J’ai créé ma boutique en ligne unstyleretro.com le 13 février 2017. Cela fera donc bientôt 9 ans… Et oui, déjà !

Une aventure qui me semble à la fois lointaine et incroyablement proche.

Pour l'anecdote, les toutes premières pièces mises en ligne lors de la création de la boutique étaient, pour la plupart, des vêtements qui m’avaient appartenu. Ce n’étaient pas des pièces chinées dans l’objectif d’être revendues, mais des trésors de ma propre garde-robe. Des vêtements que j’aimais beaucoup, mais qui ne m’allaient plus ou dont je m’étais simplement lassée avec le temps.

Très vite, cependant, j’ai compris que je ne pouvais pas éternellement puiser dans mon dressing personnel pour faire vivre la boutique. Il fallait, évidemment, trouver d’autres sources. Explorer, chiner, chercher ailleurs. C’est ainsi qu’a commencé une autre facette essentielle de mon travail : la recherche de pièces vintage et anciennes, leur sélection minutieuse, puis leur restauration, afin de leur offrir une seconde vie et de continuer à raconter leur histoire à travers ma boutique.

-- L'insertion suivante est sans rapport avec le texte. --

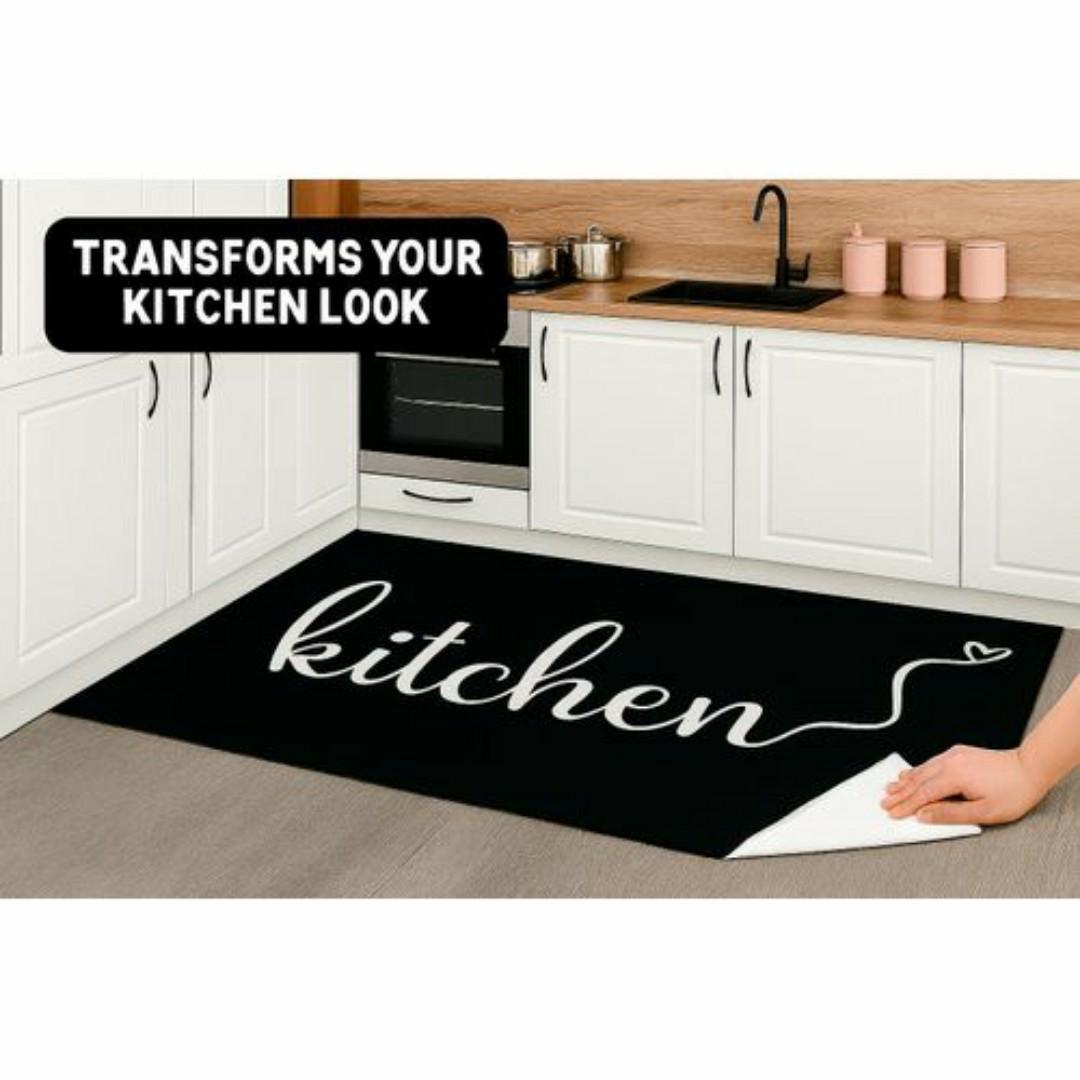 Mac Carpet Kitchen Floor Mat 65x180cm – Anti-Slip, Waterproof, Easy-to-Clean Decorative Rug with Stylish Kitchen Design – Black & White Carpet - Carpets Decor Mats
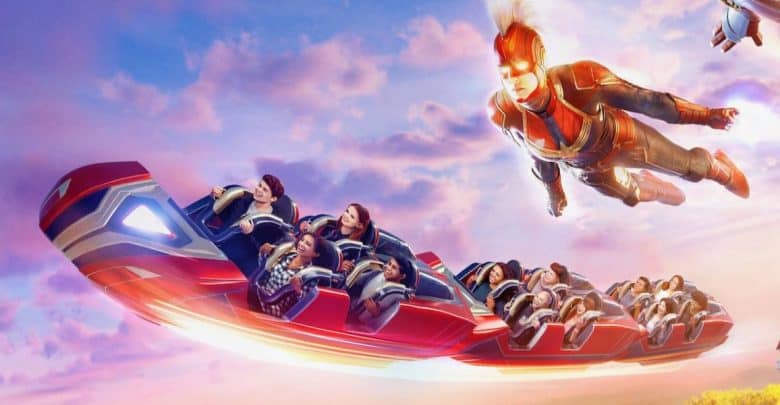 Guests experience Avengers Assemble: Flight Force alongside Captain Marvel
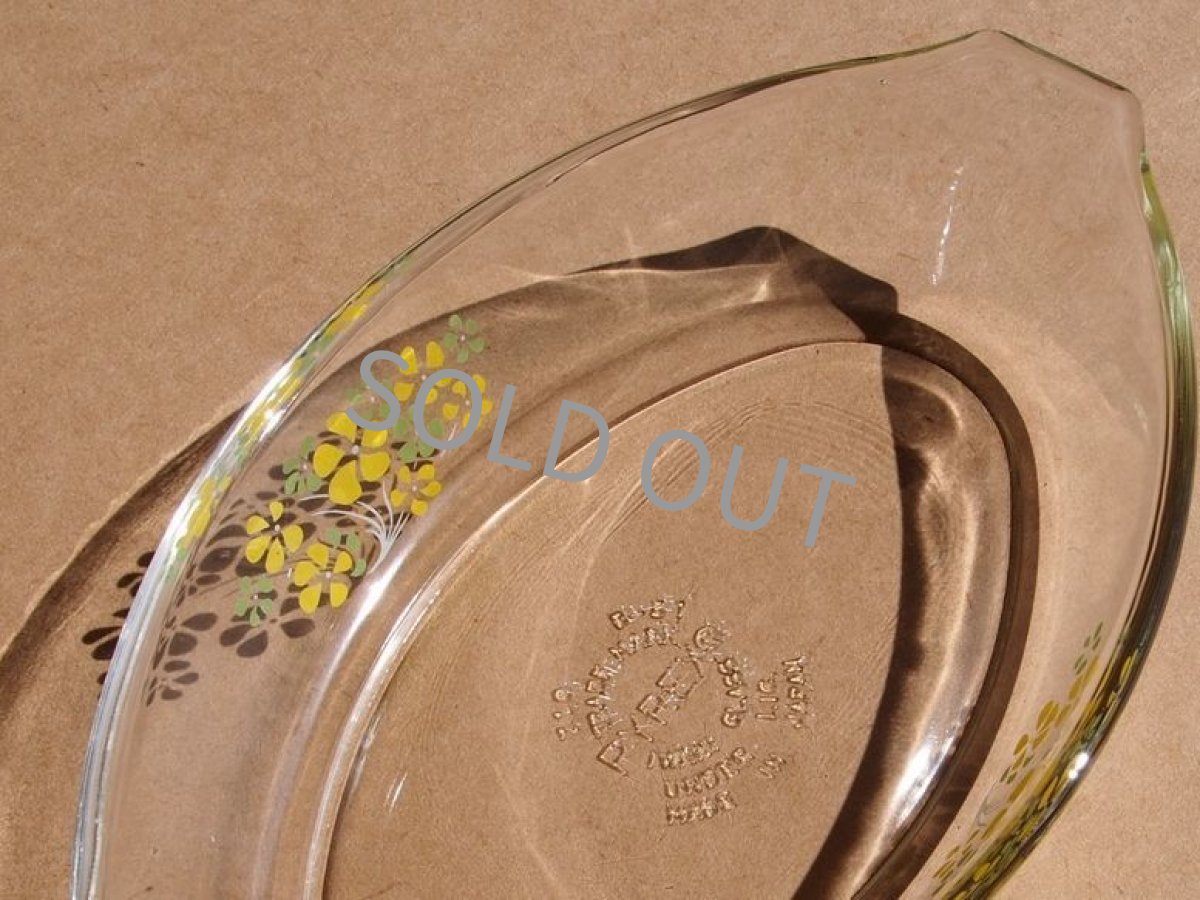 画像4: レトロ パイレックス 耐熱グラタン皿 日本製 19cm(1) 黄花 (4)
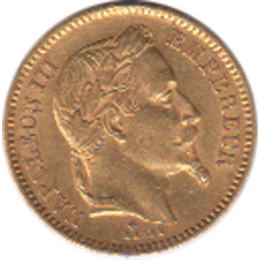 20 Franc Frankreich Napoleon III 1852-1870 mit Kranz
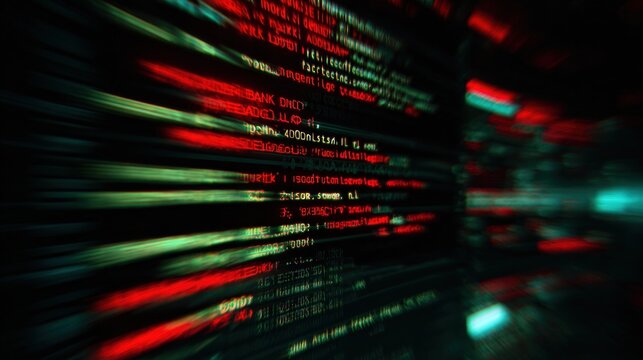 Abstract digital background featuring blurred code in red and green hues, evoking a sense of technology and data flow.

 ♻️   L'achat en lot dans les associations - Le secret derrière mes "petits prix"

Lorsque j’ai créé ma boutique, ma première ambition était de vous proposer des pièces vintage de qualité, à des prix accessibles. Je me suis donc rapidement rendu compte qu’il me fallait constituer une partie de mon stock à partir d’achats en lot.

Au début, j’ai commencé par contacter moi-même plusieurs associations avec lesquelles nous avons pu contruire des partenariats pontuels. 

Puis, après avoir accordé quelques interviews à des journaux locaux, certaines d’entre elles m’ont contactée d’elles-mêmes, intriguées par mon projet. C’est ainsi que s’est ouverte une nouvelle page de mon aventure : l’achat de lots de vêtements auprès de ces associations.

Avec l’une d’elles, un partenariat s’est même prolongé sur plusieurs années. 

Il s’agissait d’une boutique associative située non loin de ma ville, qui a été mon principal fournisseur jusqu’en 2024. Cette structure réalisait une sélection très rigoureuse de dons de vêtements destinés à la vente : chaque pièce devait être en excellent état, sans déchirures ni tâches, débarrassée de toute étiquette portant le nom de ses anciens propriétaires et suffisamment intemporelle pour traverser les modes et les époques.

Avant que nos chemins ne se croisent, tous les vêtements qui ne répondaient pas à ces critères étaient tout simplement envoyés à la déchetterie . 

En 2019, cette organisation pris contact avec moi et ce fut le début d'une belle collaboration entre nous. 

Je m'engageais tous les 2 ou 3 mois à leur acheter des lots de vêtements initialement destinés à être jetés. Grâce à ce partenariat, ces pièces ont échappé à la poubelle et ont entamé une seconde vie, entre restauration, sélection et mise en valeur dans ma boutique.

Cette collaboration fit pleinement sens avec les valeurs d’Un Style Rétro : donner une nouvelle histoire à des vêtements oubliés.

Pour être totalement transparente avec vous, voici comment s'organisaient nos rencontres:

Cette association était tenue par un couple de retraités, profondément investis et animés par des valeurs humaines fortes. Régulièrement, ce sont eux qui se déplacaient jusqu’à mon domicile (car je ne suis pas véhiculée), chargés de cartons — parfois quatre, cinq ou six. Je les ouvrais sur place, et je prenais le temps de découvrir chaque pièce.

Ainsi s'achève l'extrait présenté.